Gov. Kathy Hochul announced Benjamin’s resignation just after 5 p.m., less than 12 hours he surrendered to federal authorities on five felony charges. It took effect immediately, Hochul said.

Benjamin's abrupt exit will set off a scramble to replace him, with Hochul maintaining the ability to appoint someone to fill the remainder of his term through the end of the year. But as of now, Benjamin remains on the June 28 Democratic primary ballot unless Democrats can find a legal loophole to remove him.

“While the legal process plays out, it is clear to both of us that he cannot continue to serve as Lieutenant Governor,” Hochul said in a statement. “New Yorkers deserve absolute confidence in their government, and I will continue working every day to deliver for them."

Earlier Tuesday, Benjamin pleaded not guilty to charges of fraud, bribery and falsification of records in Manhattan federal court. He is accused of directing a $50,000 state grant to Friends of Public School Harlem, a non-profit controlled by a real-estate developer who in turn made tens of thousands of dollars in donations to Benjamin’s political campaigns.

In a joint statement shortly after his resignation, Benjamin's attorneys characterized the grant as an honest effort to "buy supplies for public school students in Harlem."

"After today’s charges, Brian will resign his duties as Lieutenant Governor and suspend his campaign," said the attorneys, James Gatta and William Harrington. "He will focus his energies on explaining in court why his actions were laudable — not criminal."

It was Hochul herself who put Benjamin, a Democrat and former state senator, in his position as lieutenant governor. She appointed him to the role in late August, marking one of her first major decisions after she took office earlier in the month.

At the time, Hochul's selection of Benjamin was seen as a key effort to balance the Democratic ticket as the governor seeks election to a full term this year, joining together a white woman from Buffalo running for governor with a Black man from Harlem as lieutenant governor.

“I want to thank the entire village of Harlem who helped create this young man who’s going to help us lead the state into better days and prosperity,” Hochul said in August, when she announced her selection of Benjamin is his home neighborhood.

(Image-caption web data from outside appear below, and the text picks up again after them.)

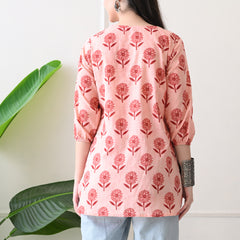 Peach Daisy Pure Cotton Casual 3/4th Sleeves Top for women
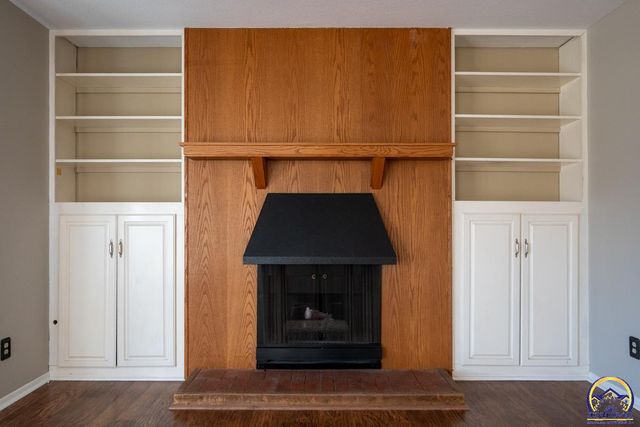 3036 SW Randolph AVE, Topeka, KS 66611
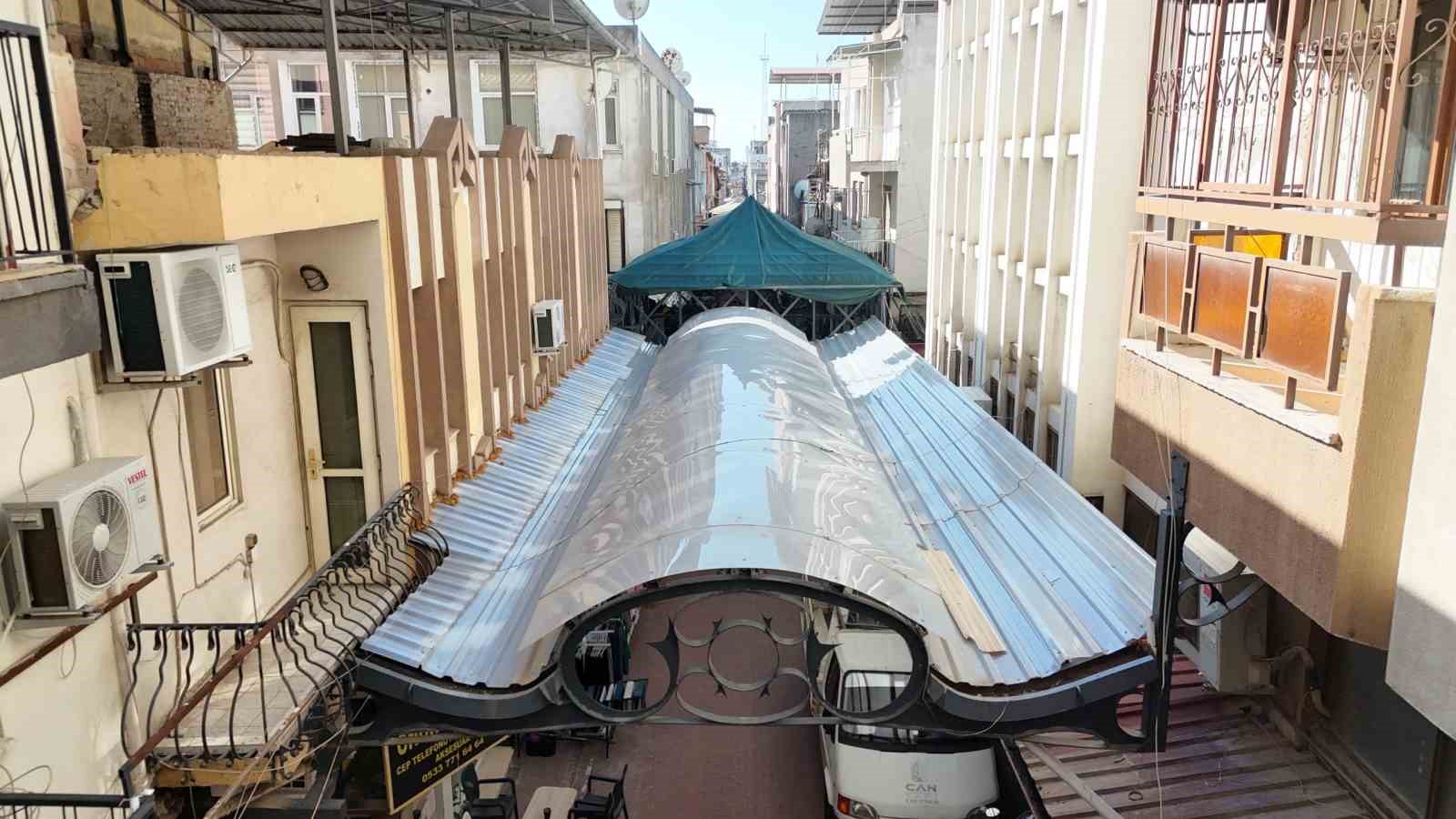 Nazilli Ayakkabıcılar Sokağı’nda çatı yenileme çalışmaları yeniden başladı
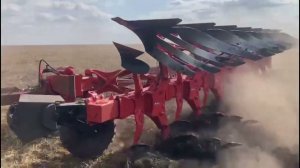 Вспашка, плуг Kuhn Multi-Leader XT 8 корпусов + CASE 340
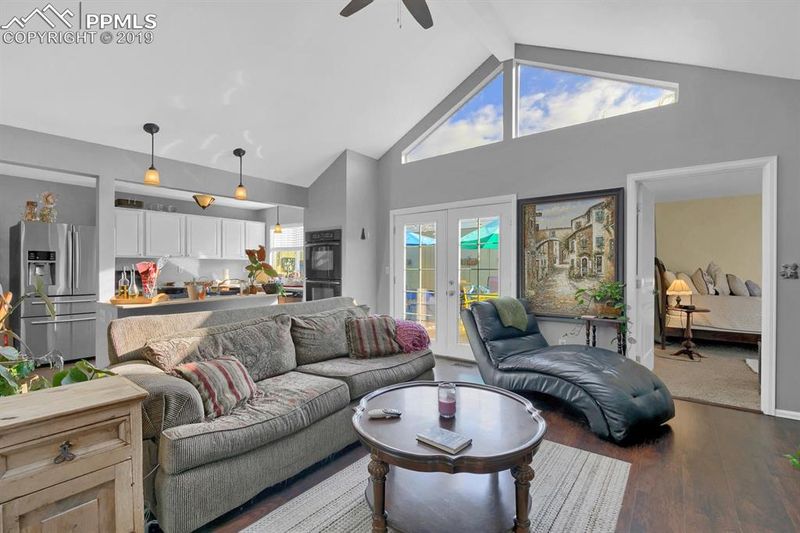 837 San Gabriel Pl, Colorado Springs, CO 80906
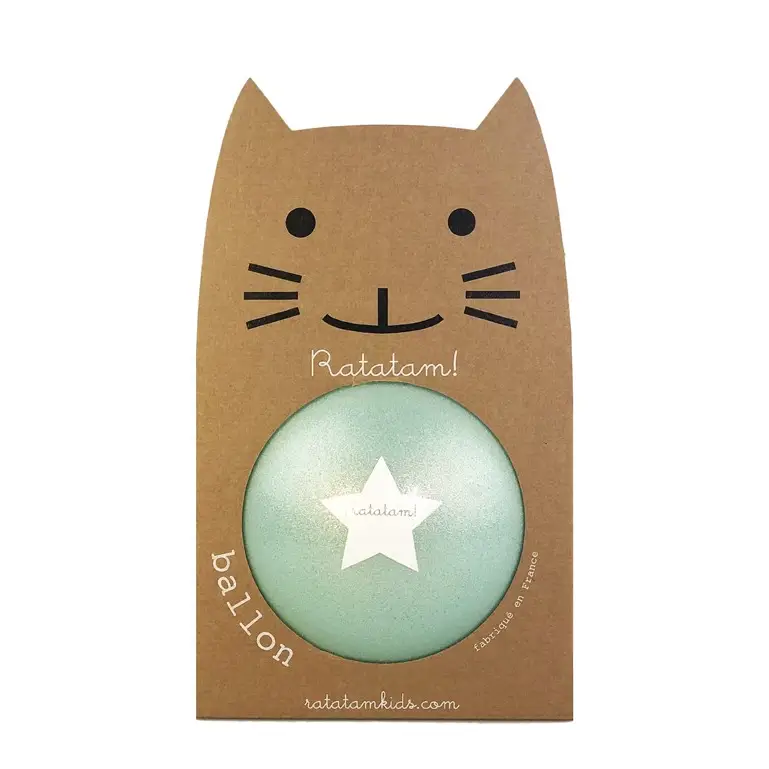 Ballon enfant RATATAM Summer Bleu 15cm fabriqué artisanalement en France. Une petite balle colorée avec étoile blanche, facile à manipuler - Etoiles en portage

In the end, his tenure lasted less than eight months. And it leaves Hochul in the difficult position of finding someone to fill out the remaining seven-plus years of the term, even though that person may not be able to get on the Democratic primary ballot to fill the role in 2023 and beyond.

Asked about Benjamin during an interview on Fox 5, New York City Mayor Eric Adams — a former state senator — said, “I think right now it is up to the governor and lieutenant governor. He made a decision and I think he should look forward to handling the legal matter in front of him.”

Benjamin faced a wave of Republican calls for his resignation in the immediate aftermath of his arrest, which grew to include a number of Democrats as the day went on. Among them was state Senate Finance Chair Liz Krueger, a Manhattan Democrat.

Senate Minority Leader Rob Ortt, a western New York Republican, said he was "glad" Benjamin decided to resign. But he said it called Hochul's judgement into question, considering Benjamin's campaign finance practices had been called into question long before she selected him as her lieutenant governor.

"She either ignored a betrayal of public trust or failed to do the most basic vetting available in public media reports," Ortt said in a statement. "Either way, her administration is casting yet another shadow of corruption over our state government."

With Benjamin's resignation, Senate Majority Leader Andrea Stewart-Cousins, a Democrat from Yonkers, will take over the lieutenant governor's duties on an interim basis. Those duties are generally ceremonial and limited to serving as president of the Senate.

But until a new lieutenant governor is appointed, Stewart-Cousins would be next in the line of succession to the governor's office.